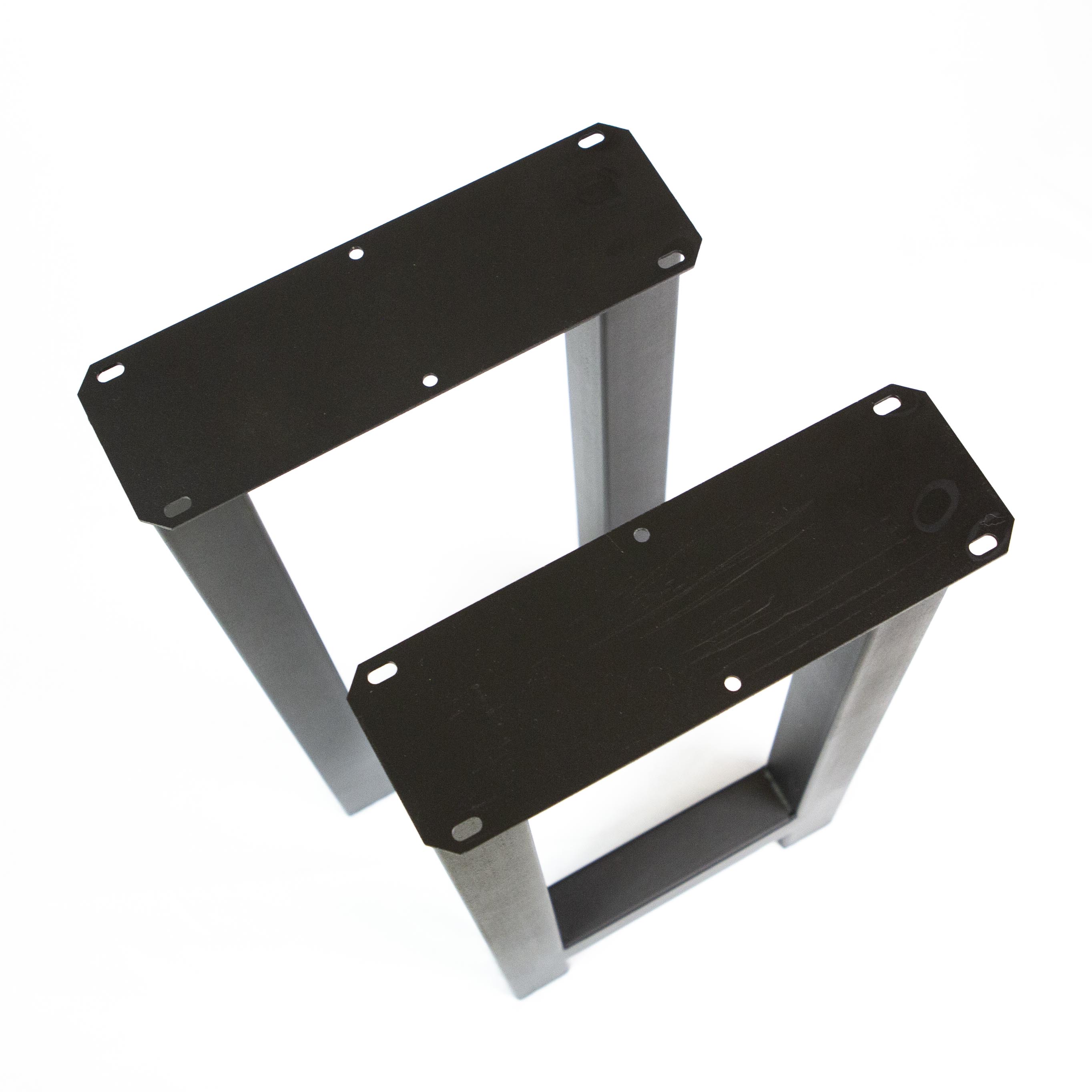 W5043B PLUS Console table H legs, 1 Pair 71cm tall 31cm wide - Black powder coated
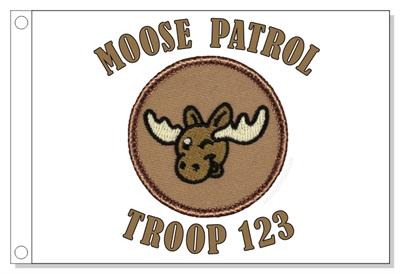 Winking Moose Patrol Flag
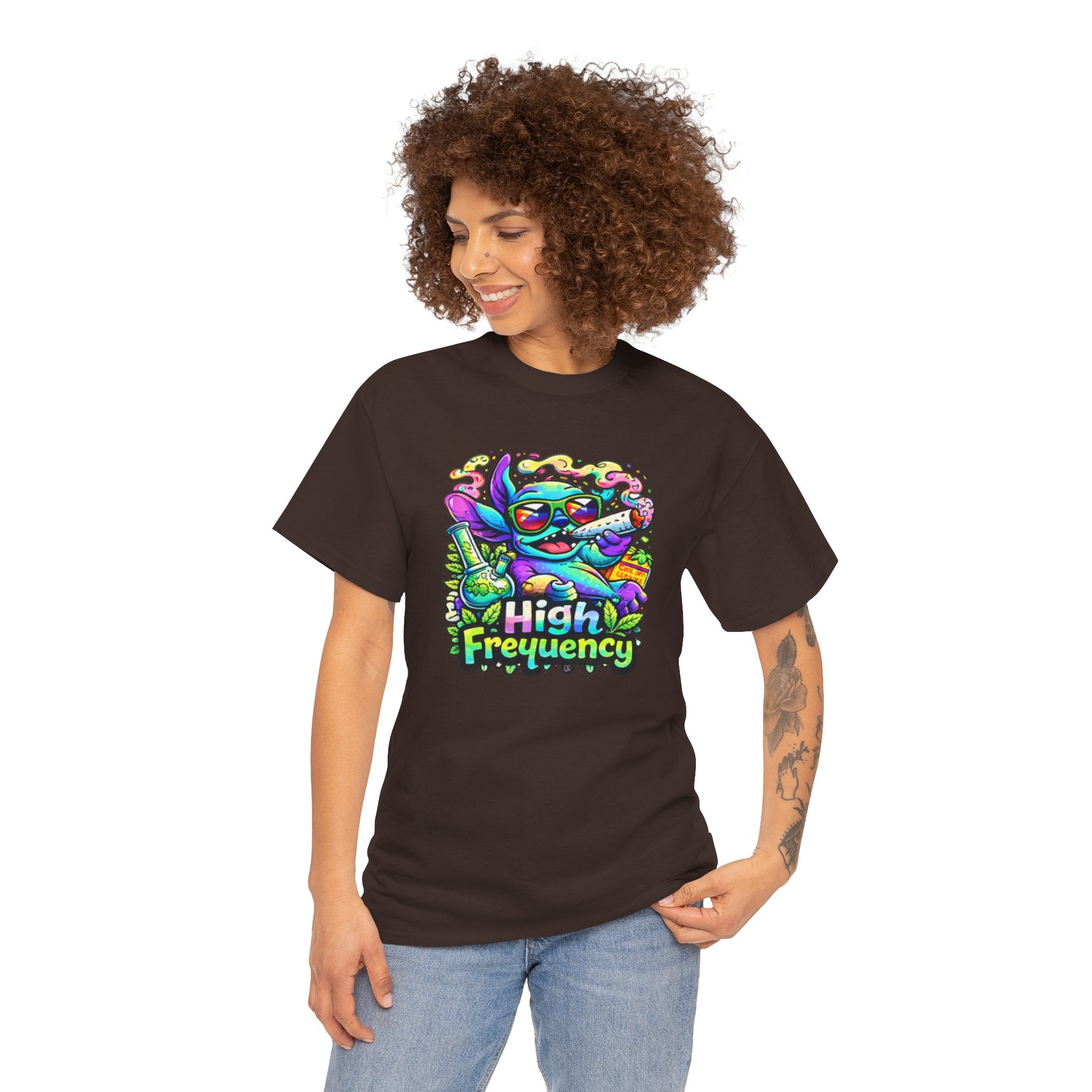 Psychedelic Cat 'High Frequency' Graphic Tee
====
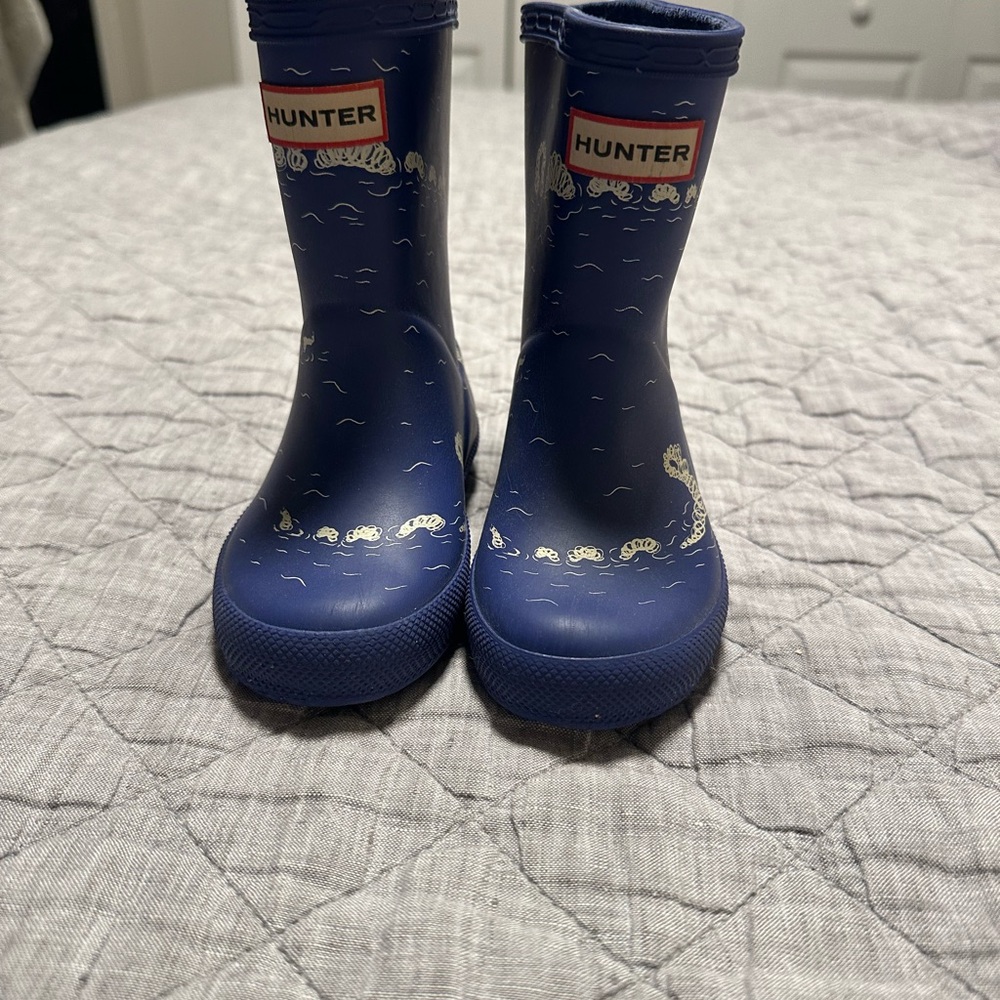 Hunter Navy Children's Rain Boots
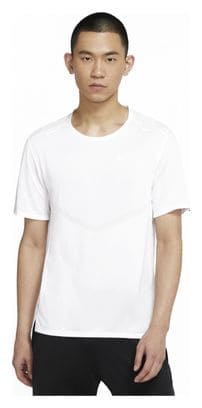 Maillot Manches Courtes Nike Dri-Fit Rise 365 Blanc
====
Reproduce the listing above from the line that holds "Winking Moose Patrol Flag" through the line that holds "Psychedelic Cat 'High Frequency' Graphic Tee", both included, with the pictures left out.

 Winking Moose Patrol Flag
 Psychedelic Cat 'High Frequency' Graphic Tee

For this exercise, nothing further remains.